Data

● ● ●

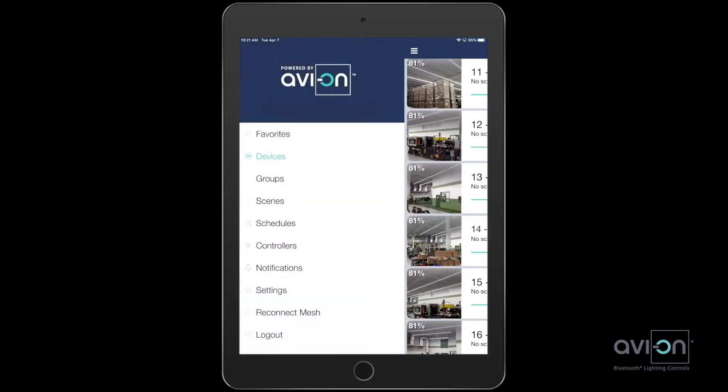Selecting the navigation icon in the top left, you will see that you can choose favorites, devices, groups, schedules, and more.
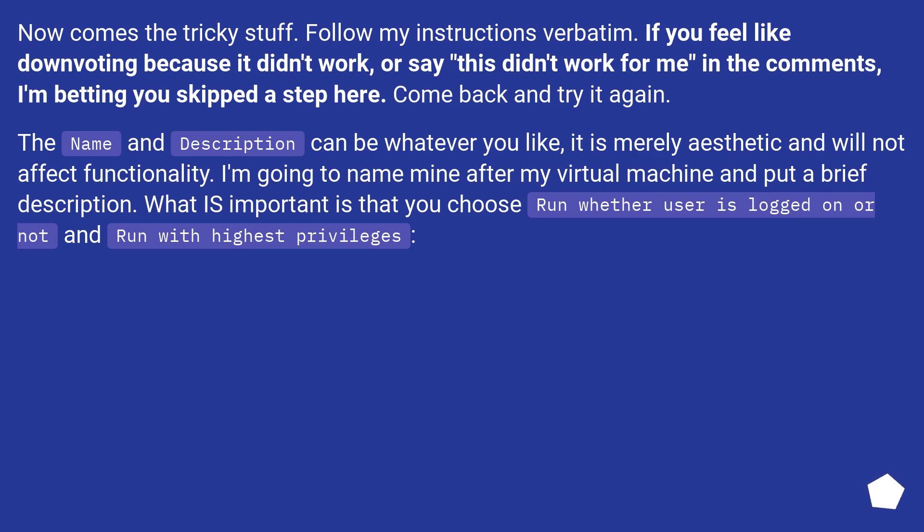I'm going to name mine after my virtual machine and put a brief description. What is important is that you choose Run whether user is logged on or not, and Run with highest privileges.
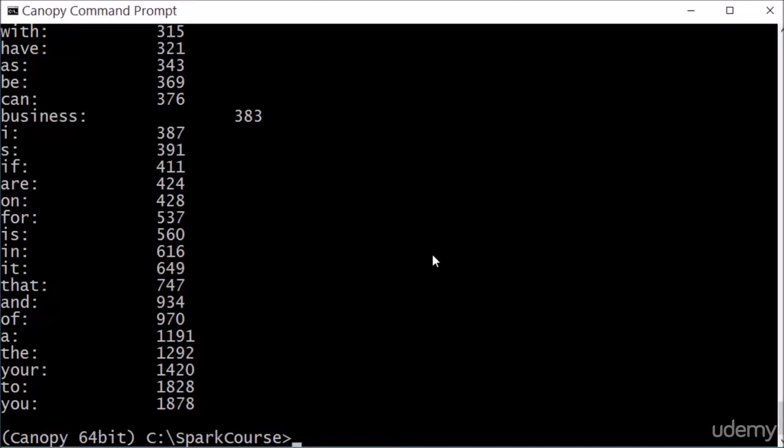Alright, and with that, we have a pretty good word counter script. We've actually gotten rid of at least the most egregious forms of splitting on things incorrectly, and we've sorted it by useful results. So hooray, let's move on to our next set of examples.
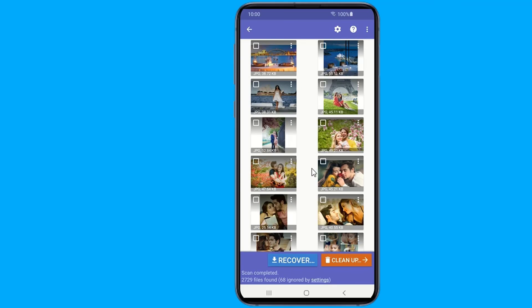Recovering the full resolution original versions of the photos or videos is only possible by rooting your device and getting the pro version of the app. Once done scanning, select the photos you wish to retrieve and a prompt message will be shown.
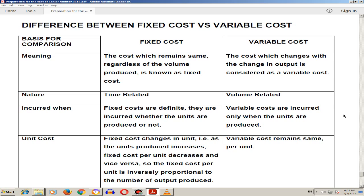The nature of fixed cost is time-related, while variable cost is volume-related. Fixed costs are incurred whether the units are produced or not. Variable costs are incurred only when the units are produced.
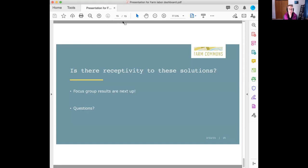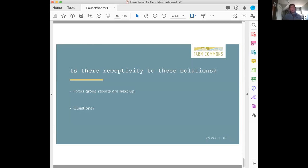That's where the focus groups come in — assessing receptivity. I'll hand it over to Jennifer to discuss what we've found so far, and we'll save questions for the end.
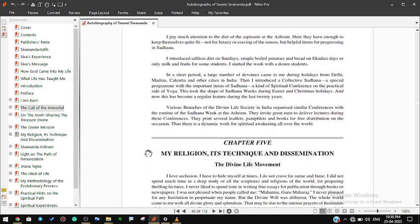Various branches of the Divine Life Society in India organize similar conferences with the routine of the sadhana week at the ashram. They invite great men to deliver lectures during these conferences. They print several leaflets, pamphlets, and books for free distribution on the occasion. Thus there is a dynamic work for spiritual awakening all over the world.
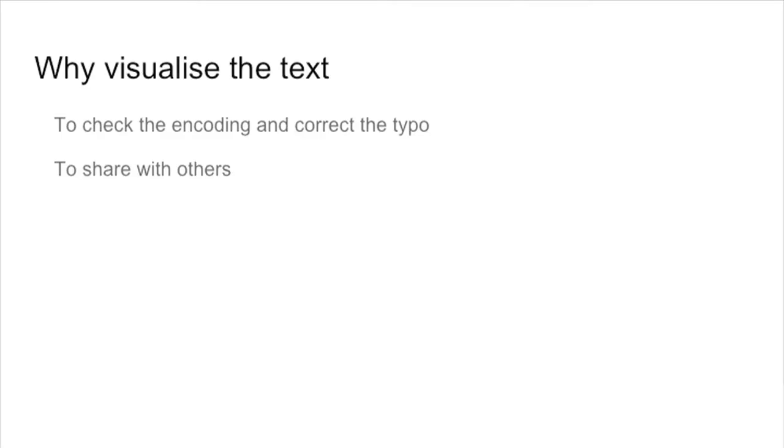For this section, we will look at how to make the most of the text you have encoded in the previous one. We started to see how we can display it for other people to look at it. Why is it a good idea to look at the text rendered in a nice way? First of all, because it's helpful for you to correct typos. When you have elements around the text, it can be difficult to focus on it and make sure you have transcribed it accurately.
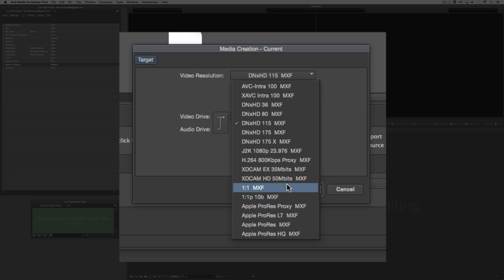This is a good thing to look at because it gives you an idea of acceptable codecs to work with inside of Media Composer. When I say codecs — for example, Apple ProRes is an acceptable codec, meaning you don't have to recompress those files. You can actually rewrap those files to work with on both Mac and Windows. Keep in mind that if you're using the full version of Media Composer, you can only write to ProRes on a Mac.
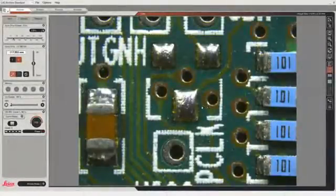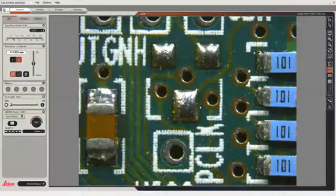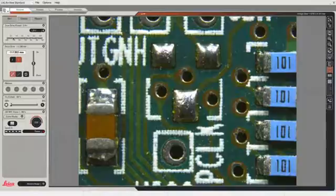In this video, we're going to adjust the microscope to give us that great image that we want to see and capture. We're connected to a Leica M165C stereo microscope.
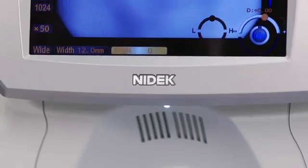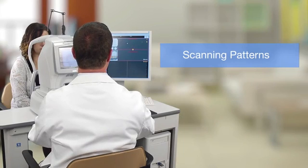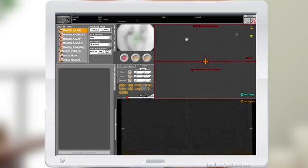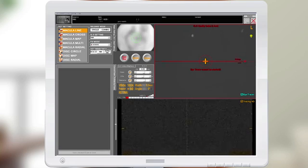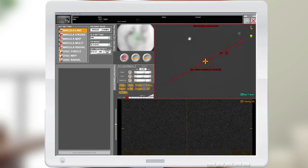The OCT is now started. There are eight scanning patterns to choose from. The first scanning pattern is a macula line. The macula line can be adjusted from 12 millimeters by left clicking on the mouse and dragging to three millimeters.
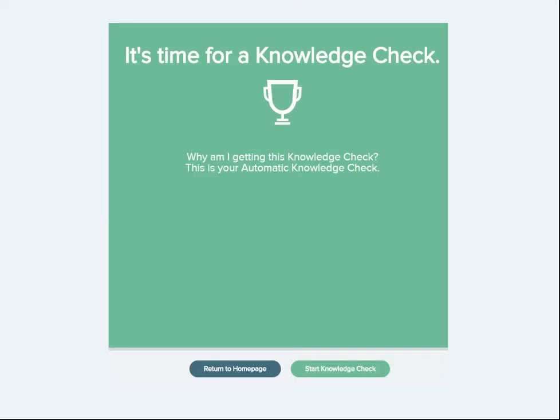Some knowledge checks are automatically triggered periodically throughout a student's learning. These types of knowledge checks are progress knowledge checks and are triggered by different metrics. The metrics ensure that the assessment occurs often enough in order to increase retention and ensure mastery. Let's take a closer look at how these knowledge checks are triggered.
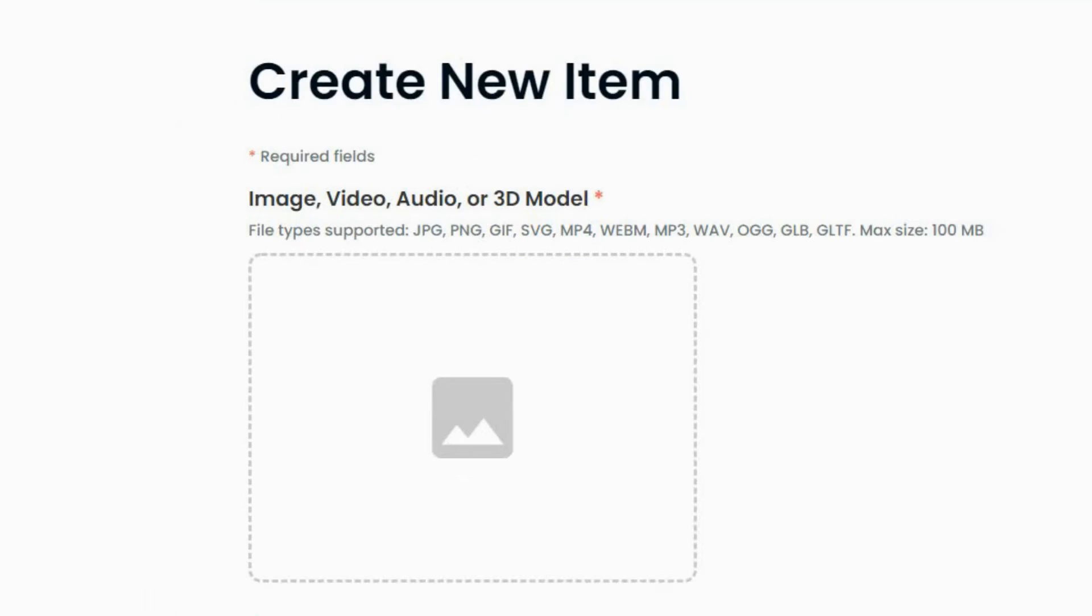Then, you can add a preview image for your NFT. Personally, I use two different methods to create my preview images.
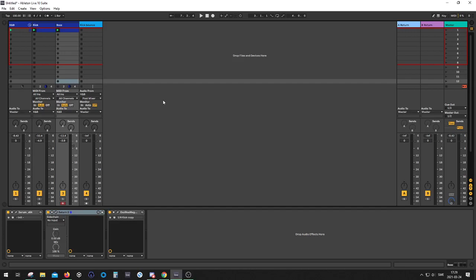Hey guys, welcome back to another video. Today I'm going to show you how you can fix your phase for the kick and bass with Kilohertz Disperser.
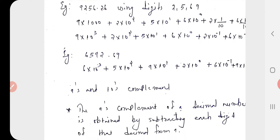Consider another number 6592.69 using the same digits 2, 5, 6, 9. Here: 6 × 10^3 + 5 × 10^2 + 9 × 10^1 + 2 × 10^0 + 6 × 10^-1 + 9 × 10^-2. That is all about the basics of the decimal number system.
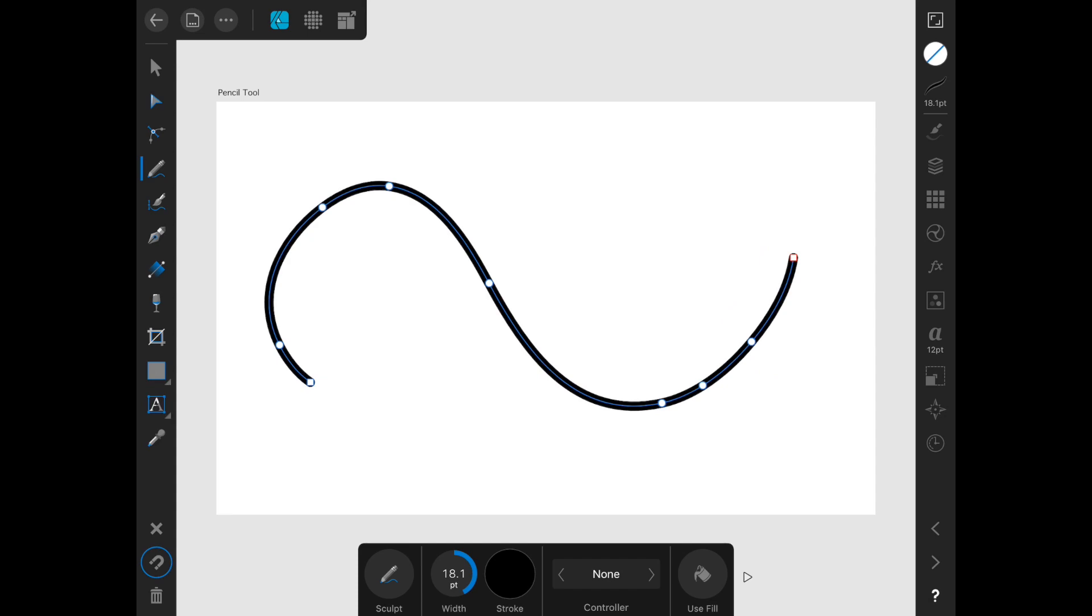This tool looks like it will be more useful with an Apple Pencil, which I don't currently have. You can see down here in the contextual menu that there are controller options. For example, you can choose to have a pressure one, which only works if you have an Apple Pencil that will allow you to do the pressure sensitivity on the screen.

● ● ●

Task prompt
Please print all the entries exactly as written, but drop the pictures.

Solution
Selecting the navigation icon in the top left, you will see that you can choose favorites, devices, groups, schedules, and more.
I'm going to name mine after my virtual machine and put a brief description. What is important is that you choose Run whether user is logged on or not, and Run with highest privileges.
Alright, and with that, we have a pretty good word counter script. We've actually gotten rid of at least the most egregious forms of splitting on things incorrectly, and we've sorted it by useful results. So hooray, let's move on to our next set of examples.
Recovering the full resolution original versions of the photos or videos is only possible by rooting your device and getting the pro version of the app. Once done scanning, select the photos you wish to retrieve and a prompt message will be shown.
The nature of fixed cost is time-related, while variable cost is volume-related. Fixed costs are incurred whether the units are produced or not. Variable costs are incurred only when the units are produced.
That's where the focus groups come in — assessing receptivity. I'll hand it over to Jennifer to discuss what we've found so far, and we'll save questions for the end.
Various branches of the Divine Life Society in India organize similar conferences with the routine of the sadhana week at the ashram. They invite great men to deliver lectures during these conferences. They print several leaflets, pamphlets, and books for free distribution on the occasion. Thus there is a dynamic work for spiritual awakening all over the world.
For this section, we will look at how to make the most of the text you have encoded in the previous one. We started to see how we can display it for other people to look at it. Why is it a good idea to look at the text rendered in a nice way? First of all, because it's helpful for you to correct typos. When you have elements around the text, it can be difficult to focus on it and make sure you have transcribed it accurately.
This is a good thing to look at because it gives you an idea of acceptable codecs to work with inside of Media Composer. When I say codecs — for example, Apple ProRes is an acceptable codec, meaning you don't have to recompress those files. You can actually rewrap those files to work with on both Mac and Windows. Keep in mind that if you're using the full version of Media Composer, you can only write to ProRes on a Mac.
In this video, we're going to adjust the microscope to give us that great image that we want to see and capture. We're connected to a Leica M165C stereo microscope.
The OCT is now started. There are eight scanning patterns to choose from. The first scanning pattern is a macula line. The macula line can be adjusted from 12 millimeters by left clicking on the mouse and dragging to three millimeters.
Some knowledge checks are automatically triggered periodically throughout a student's learning. These types of knowledge checks are progress knowledge checks and are triggered by different metrics. The metrics ensure that the assessment occurs often enough in order to increase retention and ensure mastery. Let's take a closer look at how these knowledge checks are triggered.
Then, you can add a preview image for your NFT. Personally, I use two different methods to create my preview images.
Hey guys, welcome back to another video. Today I'm going to show you how you can fix your phase for the kick and bass with Kilohertz Disperser.
Consider another number 6592.69 using the same digits 2, 5, 6, 9. Here: 6 × 10^3 + 5 × 10^2 + 9 × 10^1 + 2 × 10^0 + 6 × 10^-1 + 9 × 10^-2. That is all about the basics of the decimal number system.
This tool looks like it will be more useful with an Apple Pencil, which I don't currently have. You can see down here in the contextual menu that there are controller options. For example, you can choose to have a pressure one, which only works if you have an Apple Pencil that will allow you to do the pressure sensitivity on the screen.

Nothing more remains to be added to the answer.